La meilleure prévention, c’est de ne pas laisser un “petit doute” devenir une vraie urgence. Et quand tu as un doute, tu passes en mode détection plutôt qu’en mode panique.
Puis-je inspecter ma toiture avec un drone personnel ?
Oui, si tu respectes la réglementation française. Un drone avec caméra ou de plus de 250 g doit être enregistré (plateforme Alphatango) et tu dois vérifier les zones autorisées de vol (Géoportail). Par contre, un drone grand public aide surtout à repérer des défauts visibles (tuiles manquantes, faîtage abîmé) : pour détecter une infiltration invisible, les capteurs thermiques pros sont nettement plus efficaces.
Quelle est la meilleure réparation temporaire en cas de fuite pendant la pluie ?
À l’intérieur : contenir l’eau (seaux), protéger les meubles avec des bâches, sécuriser l’électricité si la zone est proche d’un circuit, et photographier les dégâts des eaux. À l’extérieur : le bâchage est la solution la plus efficace, mais uniquement si la météo est calme et si tu es équipé (harnais). Sinon, appelle un couvreur en urgence.
Comment savoir si je dois réparer ou remplacer une partie de la toiture ?
Si la fuite vient d’un point précis (tuile cassée, solin localisé, gouttière fissurée) et que le reste de la couverture est sain, une réparation ciblée est souvent suffisante. Si tu observes une porosité généralisée, plusieurs points de faiblesse, un écran sous-toiture détérioré, ou des éléments de charpente touchés, une rénovation partielle ou complète devient plus logique, sinon la fuite se déplacera.
Après la réparation, combien de temps faut-il pour l’assèchement ?

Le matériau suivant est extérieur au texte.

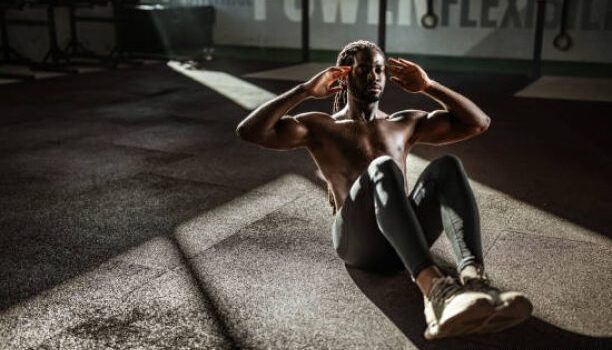 Trik Melatih Otot Perut Sit Up Supaya Dapat Poin Sempurna di Tes Fisik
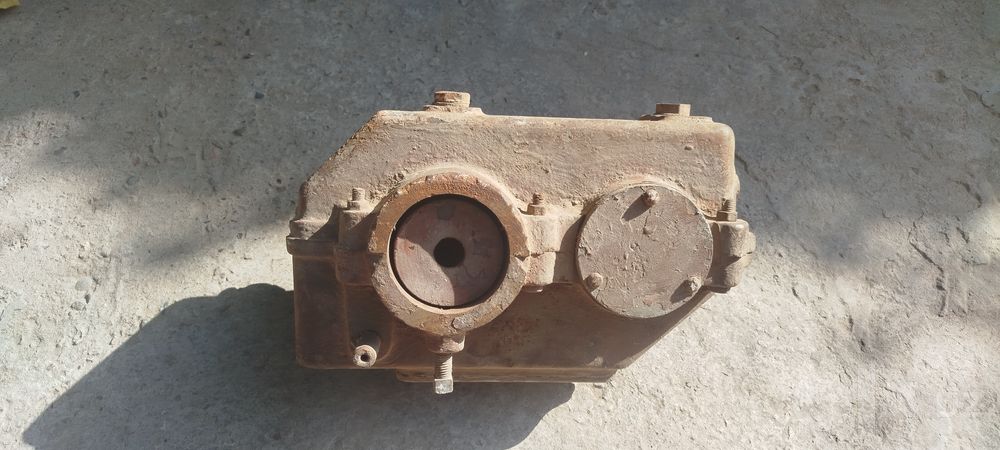 Продам цилиндрический редуктор Ц2У-100 (б/у)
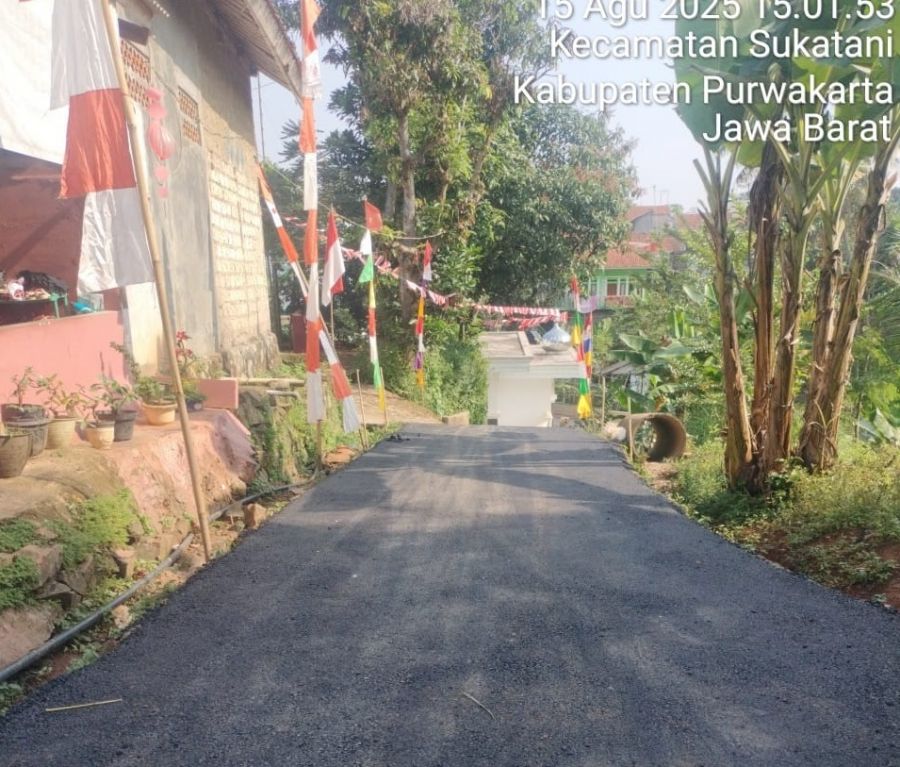 Kangkangi UU KIP dan Perpres, Proyek Jalan Desa Tanpa Papan Nama di Purwakarta 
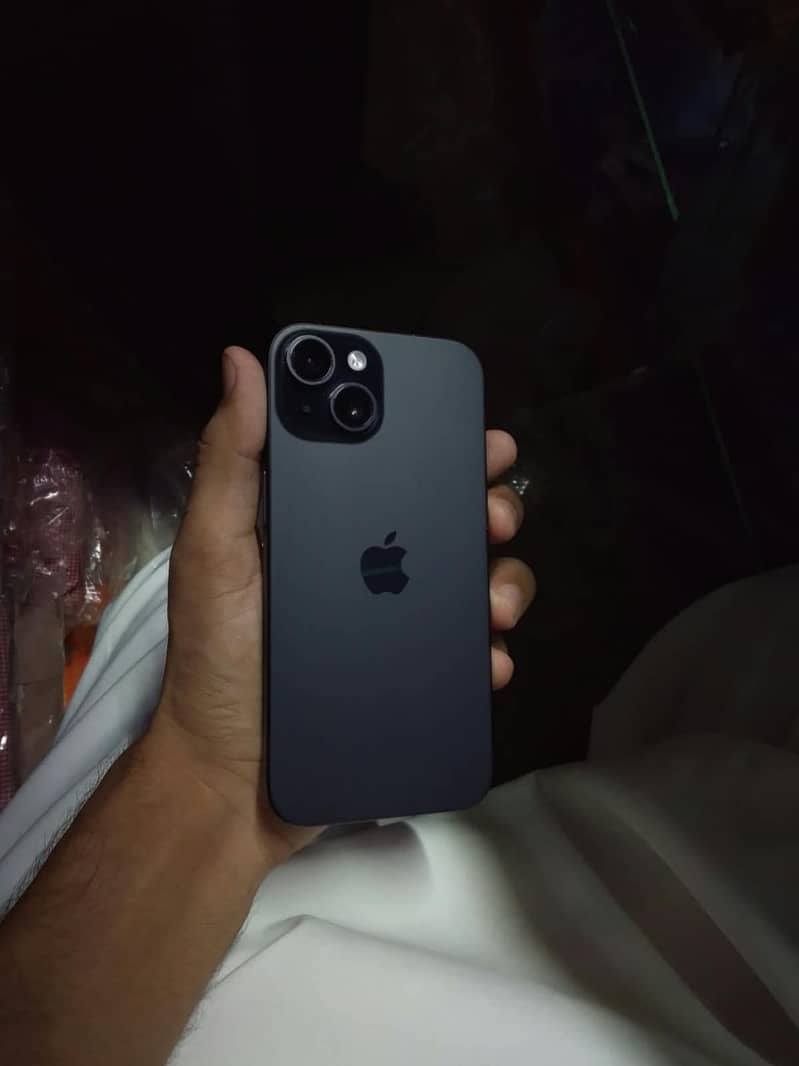 Apple iPhone 15 4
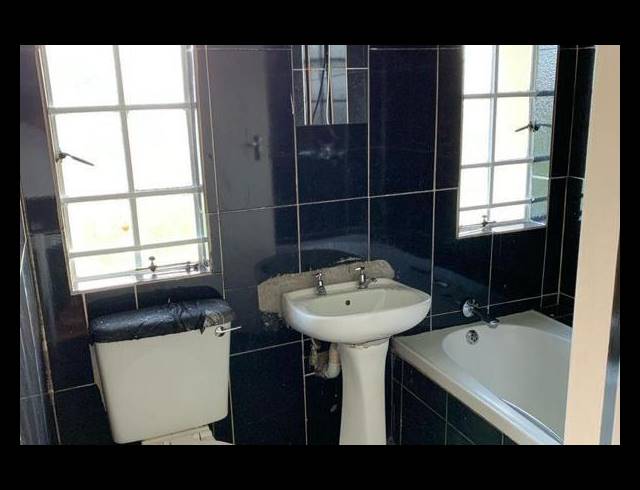 3 BEDROOM HOUSE FOR SALE IN LEACHVILLE EXT 3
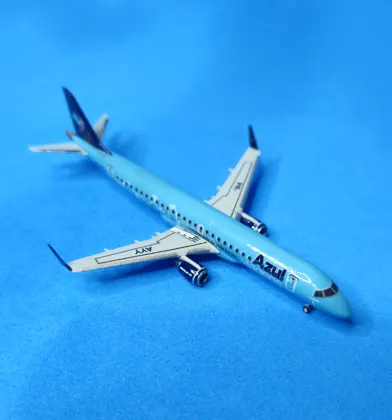 Embraer 195 Azul Viagens (PR-AYY)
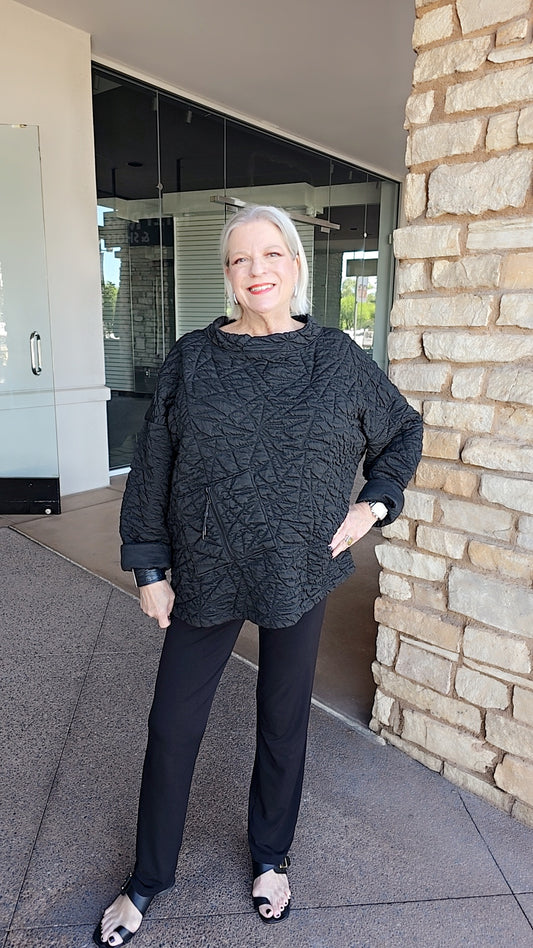 Beau Jours/Chalet Black Textured Danni Top 4V2519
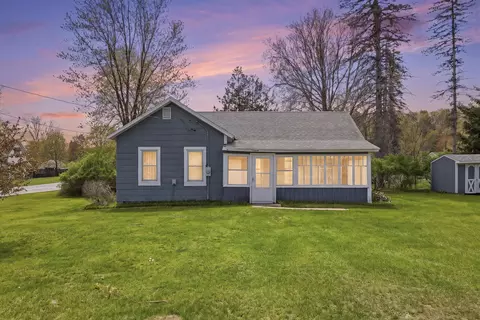 731 Sherman St, Big Rapids, MI 49307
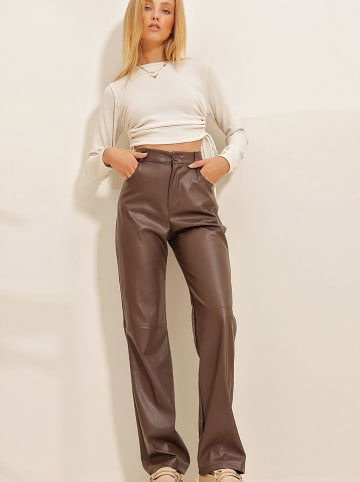 Trend Alacati Kunstlederhose in Hellbraun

Ça dépend de l’isolant, de la ventilation et de l’ampleur de l’infiltration. Compte souvent plusieurs jours à quelques semaines pour un assèchement complet. Ventile, chauffe modérément, utilise un déshumidificateur si besoin, et contrôle l’isolant : s’il est détrempé, il peut nécessiter un remplacement, sinon tu gardes de l’humidité piégée et des moisissures peuvent apparaître.
Quels points de toiture fuient le plus souvent ?
Les zones sensibles sont le faîtage, les joints, les gouttières/chéneaux, les coins et les ouvertures (fenêtres de toit, cheminée, sorties de ventilation). Ce sont des endroits où l’étanchéité dépend de raccords et de pièces métalliques, qui vieillissent et se déforment plus vite que les tuiles elles-mêmes.